I learned that Villanova is a great team. They're big in the trenches, and fast pretty much everywhere. Even when not on their best day, they're hard to beat - and they punish defenders that are out of position.
I learned that Lehigh has some fight in them. The Mountain Hawks battled to try to keep themselves in the game. After a horrible call by the officials - ruling that junior RB Jaren Walker had fumbled the ball when he was clearly down (and to top it off, he only fumbled the ball because he was hurt) - a 24-7 lead could have seemed insurmountable. Yet Lehigh came out after the break and made something happen - with a key pass to junior TE Alex Wojdowski from junior QB J.B. Clark - to at least cut it to two touchdowns. They didn't fold - they made something happen.
I learned that senior LB Matt Cohen is a very good football player that isn't a miracle worker. His touchdown-saving tackle of senior WR Matt Szczur was great, but he was bailing out his teammates that couldn't get in Sczcur's way for the other 75 yards.
I learned that the Mountain Hawk offense wasn't always pretty, but there was creativity there - and a new wrinkle in the Wildcat formation that has the potential to make the next nine games more exciting. Freshman QB Michael Colvin led Lehigh in rushing on the game, averaging 4.3 yards per carry. But Lehigh fans may need to give it time to come together. It's going to be a "learning experience" for them - and us.
I learned that our special teams are looking pretty good. Sophomore P Alex Smith averaged 39 yards per punt, and junior K Tom Randazza coolly kicked a 41 yard FG. Meanwhile, junior CB John "Fear Itself" Kennedy ripped off 5 kickoff returns for 100 yards, and junior WR Craig Zurn also ripped off a nice 10 yard return.
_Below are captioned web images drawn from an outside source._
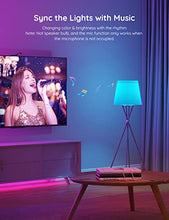 Load image into Gallery viewer, Govee Smart Light Bulbs, Color Changing Light Bulbs with Music Sync, 30 Dynamic Scenes, 16 Million DIY Colors WiFi & Bluetooth Light Bulbs Work with Alexa, Google Assistant & Govee Home App, 4 Pack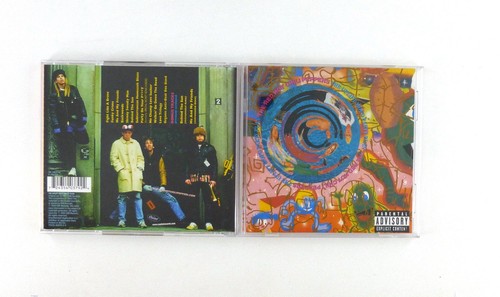 Disc red hot chili - cd,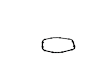 68400380AA Gasket - Sold Individually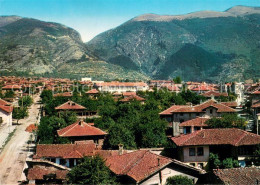 73637302 Karlovo Bulgaria Stadtpanorama Berge  - Bulgaria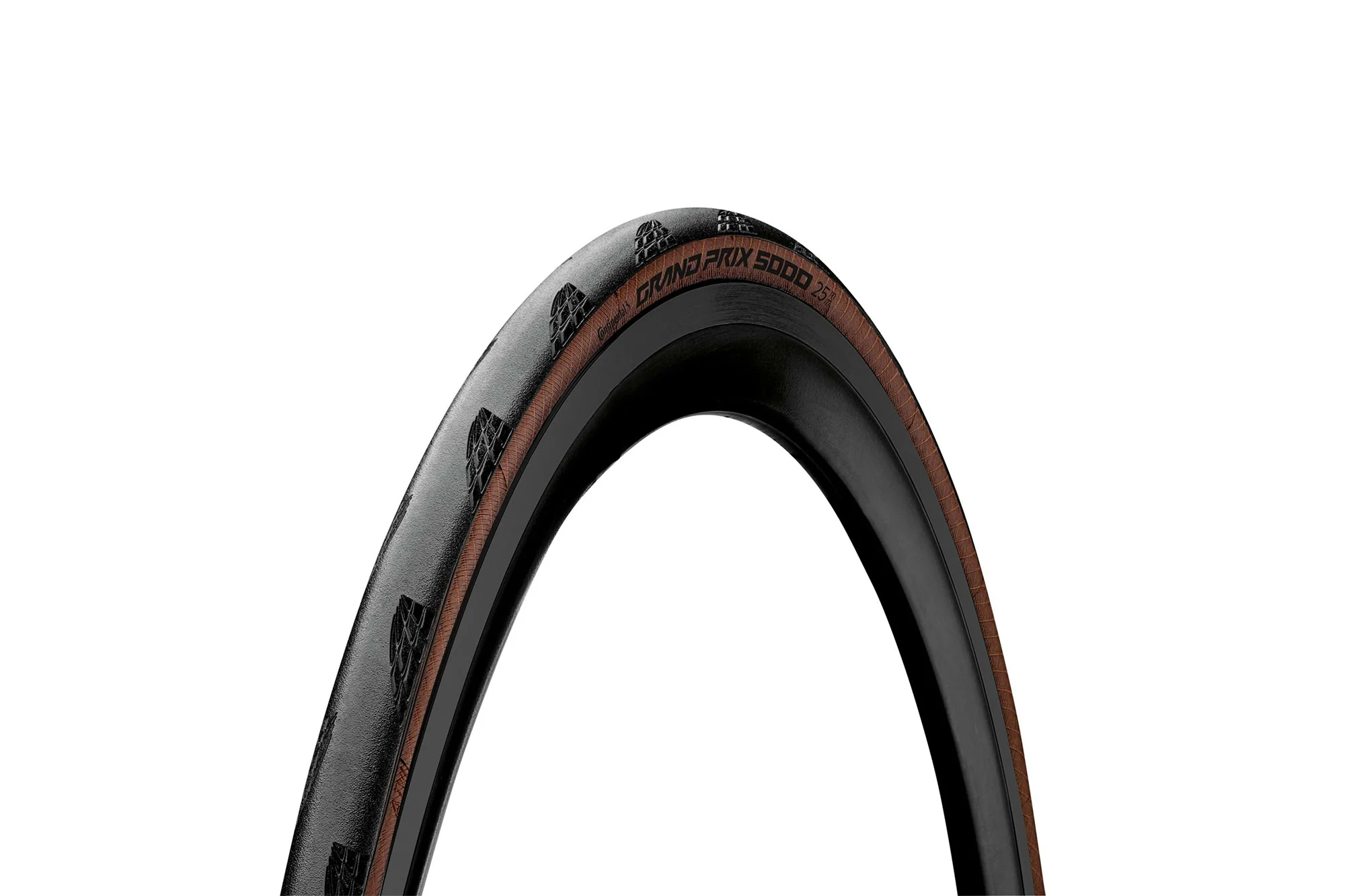 Continental Grand Prix 5000 S TR Tan Wall Tubeless Tyres (Pair) - Image 3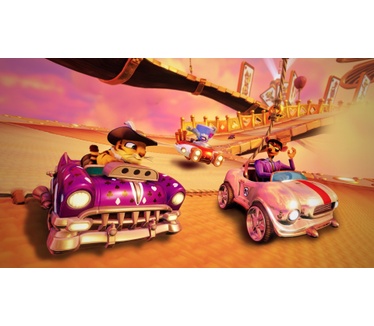 Crash Team Racing Nitro-Fueled, PS4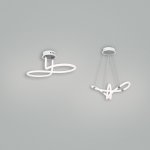 Подвесной светильник Freya FR6059PL-L47W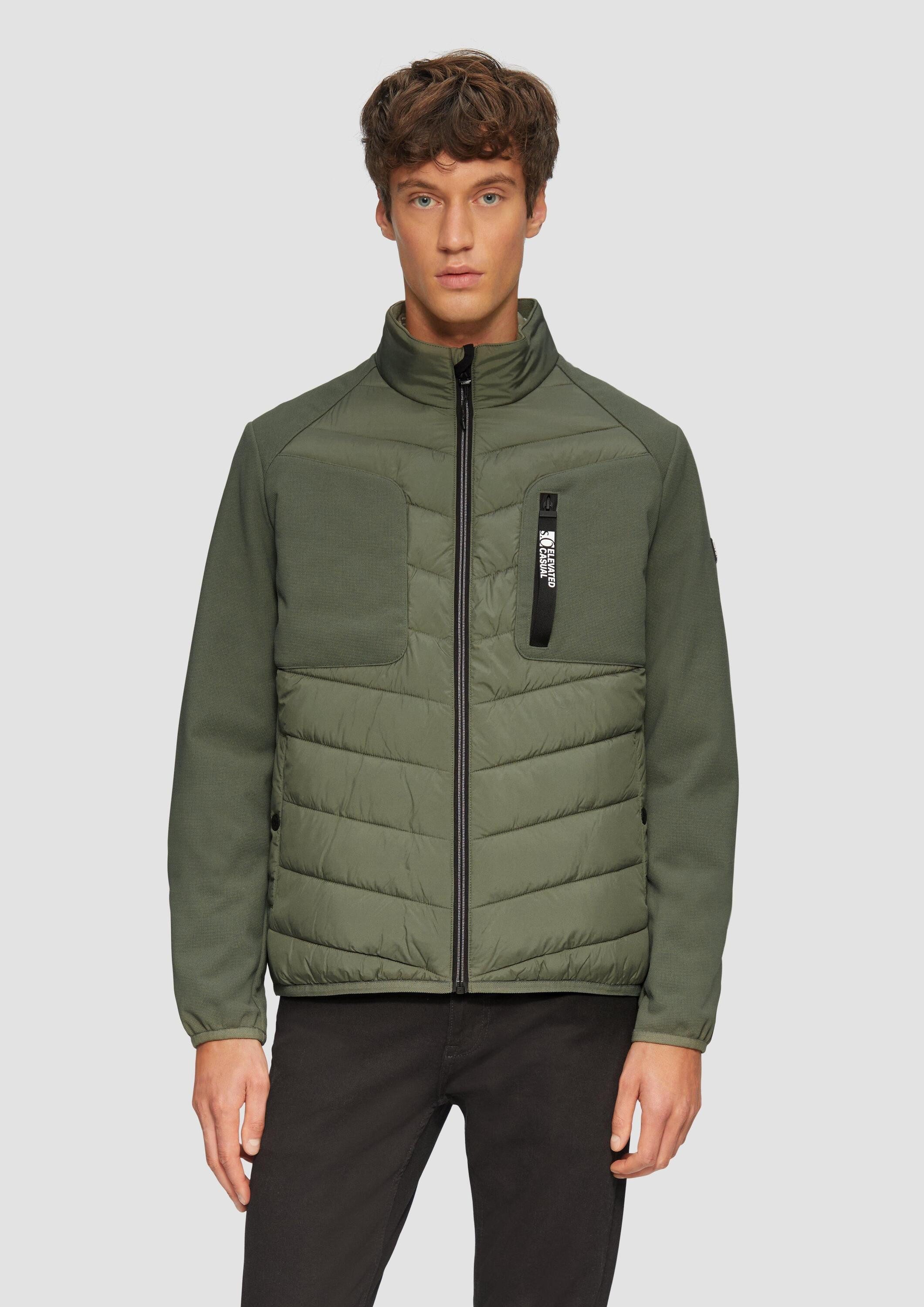 s.Oliver Funktionsjacke Outdoor-Jacke (1-St) günstig online kaufen
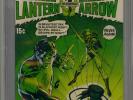 Green Lantern #76 (1970 DC) CGC 9.4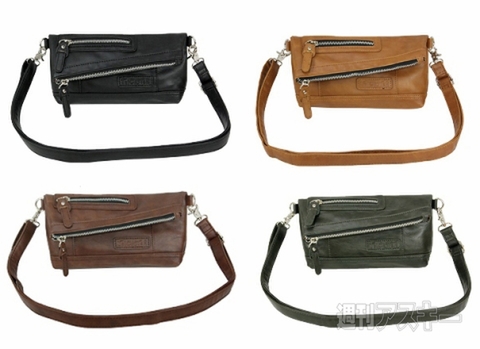 2WAYベルトポーチ TRICKSTER COLTON（コルトン）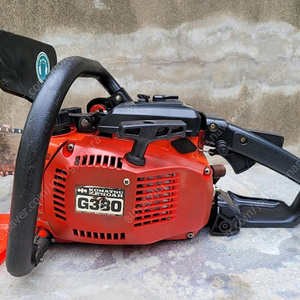 제노아 G380AV 엔진톱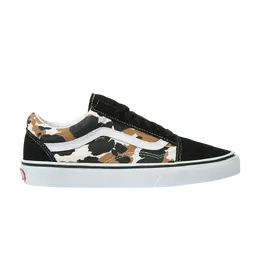 Кроссовки Old Skool Vans, мультиколор vn0a5krsmul | cow multi-color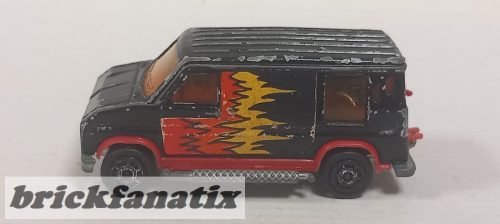 Majorette U.S. Van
I learned that the Mountain Hawk defense needs to find its footing - and fast. The defense does fly to the football, but there needs to be more improvement. While I appreciate that CCSU and Villanova are teams that run the ball well, but there's no way that the Mountain Hawks can survive giving up 300 rushing yards to our opponents every week.
And I learned that Lehigh still keeps making too many mistakes to win big games. To beat Villanova, Lehigh needed a crisp game with few errors. They didn't get it.
There really is only one possible solution to this game, for fans and players alike: to chalk it up as a "learning experience".
For fans, really, what other answer is there? It's only Week Two. It's too early to doom the season to failure at the hands of one very good team and one unearthly team. And certainly the goals of the season can still be achieved even starting the year at 0-2. With these frustrating games, it's sometimes hard to keep it in perspective.
But for the players and coaching staff, how they react and respond to the "learning experience" of this weekend will determine the course of the rest of the season. They have to know that a similar-looking result against Princeton will not be acceptable to anybody.